>>>
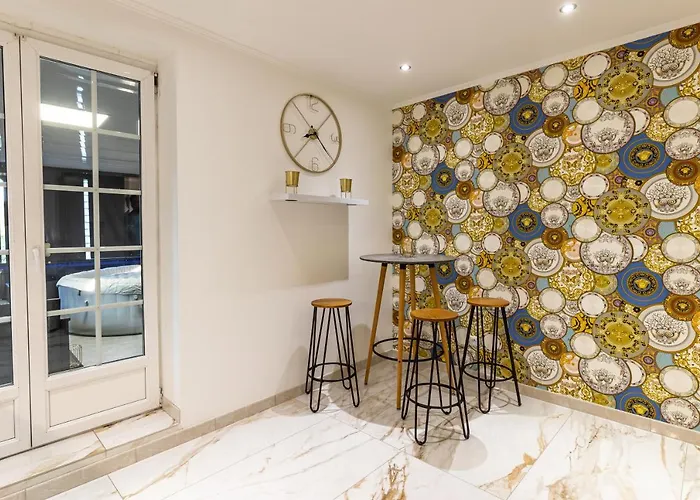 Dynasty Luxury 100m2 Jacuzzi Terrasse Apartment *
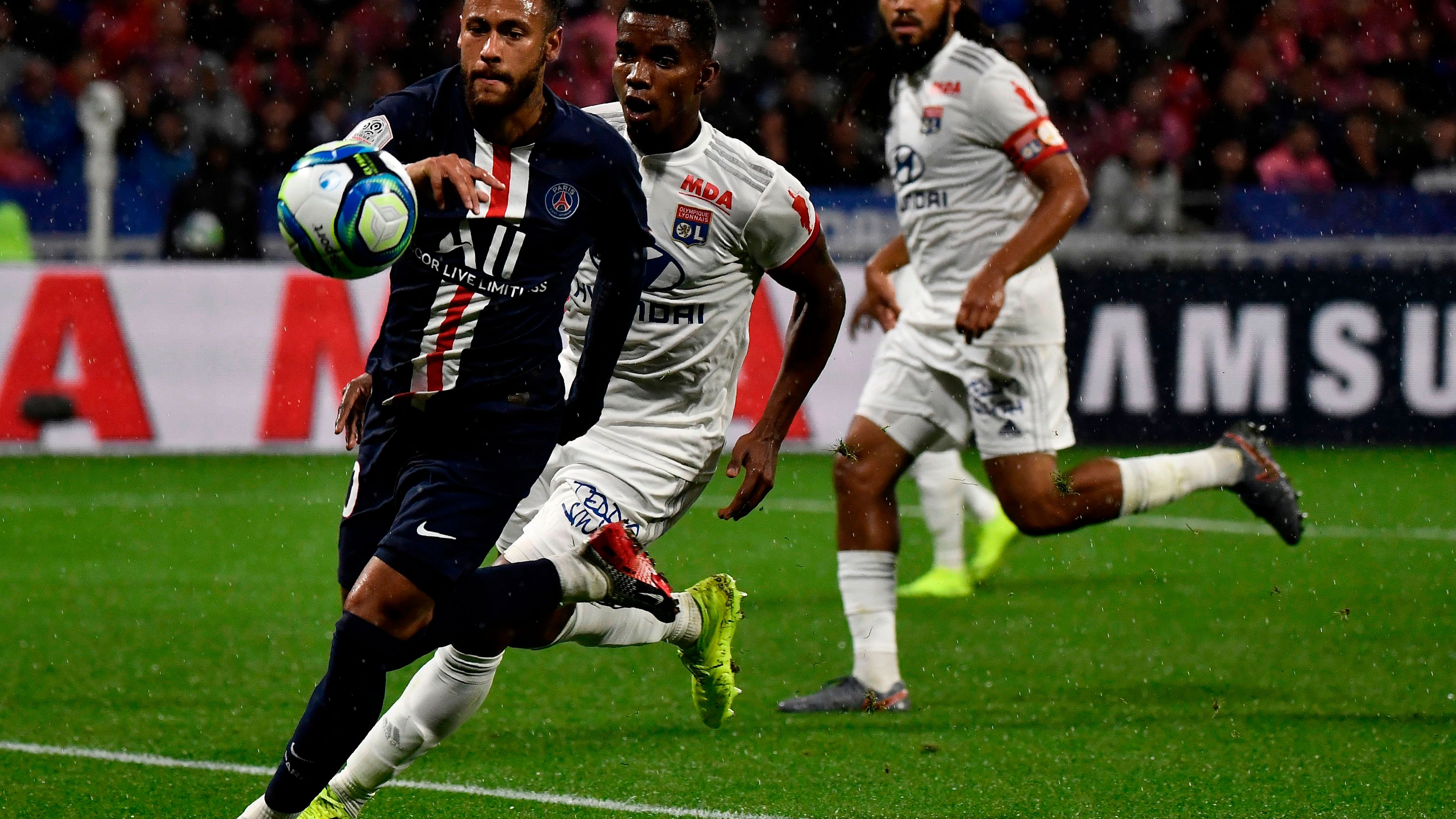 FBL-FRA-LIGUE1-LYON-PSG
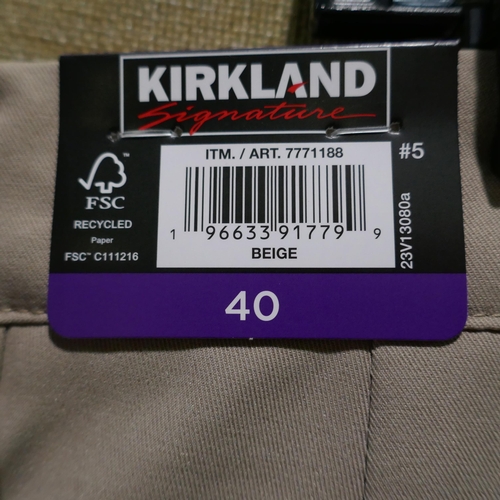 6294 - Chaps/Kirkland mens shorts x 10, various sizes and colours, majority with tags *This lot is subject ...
<<<
EXERCISE PROMPT:
Word for word, quote the lines above. Omit the pictures.

OUTPUT OF THE TASK:
 Dynasty Luxury 100m2 Jacuzzi Terrasse Apartment *
 FBL-FRA-LIGUE1-LYON-PSG
 6294 - Chaps/Kirkland mens shorts x 10, various sizes and colours, majority with tags *This lot is subject ...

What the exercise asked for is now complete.